3D printed electronics: a few applications of Optomec’s Aerosol Jet Technology

Optomec can be counted among the rare acknowledged companies for their specialization in 3D printed electronics. The company achieves 3D printed electronics projects using its Aerosol Jet Technology. Carnegie Mellon University for instance, used this system to extend 3D micro-additive manufacturing methods for fully printed conformal sensors, low loss passives and antennas for on-chip and off-chip electronics.

Today, the company announced it recently manufactured smart devices using this technology. This 3D Printed Sensor application was developed with the help of an industrial turbine engine manufacturer. Optomec’s Aerosol Jet system 3D printed strain sensors directly onto turbine blades used for in situ structural health monitoring.

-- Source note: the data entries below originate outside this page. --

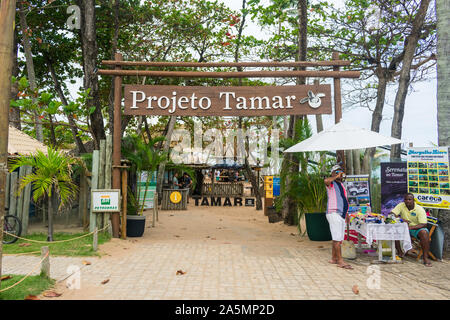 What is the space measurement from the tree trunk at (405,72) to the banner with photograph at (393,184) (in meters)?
4.41

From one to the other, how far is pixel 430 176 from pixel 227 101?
4436mm

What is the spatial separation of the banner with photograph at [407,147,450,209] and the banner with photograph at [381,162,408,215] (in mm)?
732

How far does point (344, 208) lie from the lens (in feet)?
19.2

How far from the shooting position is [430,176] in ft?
21.7

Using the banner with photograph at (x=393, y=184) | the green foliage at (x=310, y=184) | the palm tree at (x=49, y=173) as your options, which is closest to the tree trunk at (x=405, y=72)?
the banner with photograph at (x=393, y=184)

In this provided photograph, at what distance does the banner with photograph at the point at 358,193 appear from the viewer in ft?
24.6

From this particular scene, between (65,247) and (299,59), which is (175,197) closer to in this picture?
(299,59)

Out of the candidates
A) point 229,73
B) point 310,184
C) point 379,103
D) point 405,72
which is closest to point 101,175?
point 229,73

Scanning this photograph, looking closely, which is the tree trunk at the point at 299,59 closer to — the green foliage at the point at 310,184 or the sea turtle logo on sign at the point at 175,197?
the green foliage at the point at 310,184

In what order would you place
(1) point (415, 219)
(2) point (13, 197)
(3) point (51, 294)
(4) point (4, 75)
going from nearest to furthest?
1. (4) point (4, 75)
2. (3) point (51, 294)
3. (1) point (415, 219)
4. (2) point (13, 197)

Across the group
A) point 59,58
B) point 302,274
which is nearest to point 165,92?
point 302,274

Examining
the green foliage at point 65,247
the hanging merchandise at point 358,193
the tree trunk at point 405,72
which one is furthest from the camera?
the tree trunk at point 405,72

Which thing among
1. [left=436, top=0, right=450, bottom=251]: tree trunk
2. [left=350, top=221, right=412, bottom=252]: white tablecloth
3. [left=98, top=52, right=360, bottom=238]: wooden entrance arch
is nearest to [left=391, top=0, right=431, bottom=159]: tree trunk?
[left=436, top=0, right=450, bottom=251]: tree trunk

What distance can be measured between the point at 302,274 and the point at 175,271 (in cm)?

The sensors are composed of a ceramic material that can withstand the very high operating temperatures seen in the hot section of the gas turbine. These sensors can detect deformations in the underlying metal that could ultimately result in an expensive and sometimes catastrophic failure.

In addition to these examples, the Aerosol Jet Technology can also produce 3D printed capacitive touch and temperature sensors and mobile device antennas.

3D printed electronics

3D printed electronics is not an area covered by several companies. Applications are still being discovered and are often limited to very specific industries such as the military sector or defense to name a few.

Until now, these applications are mainly used by developed countries.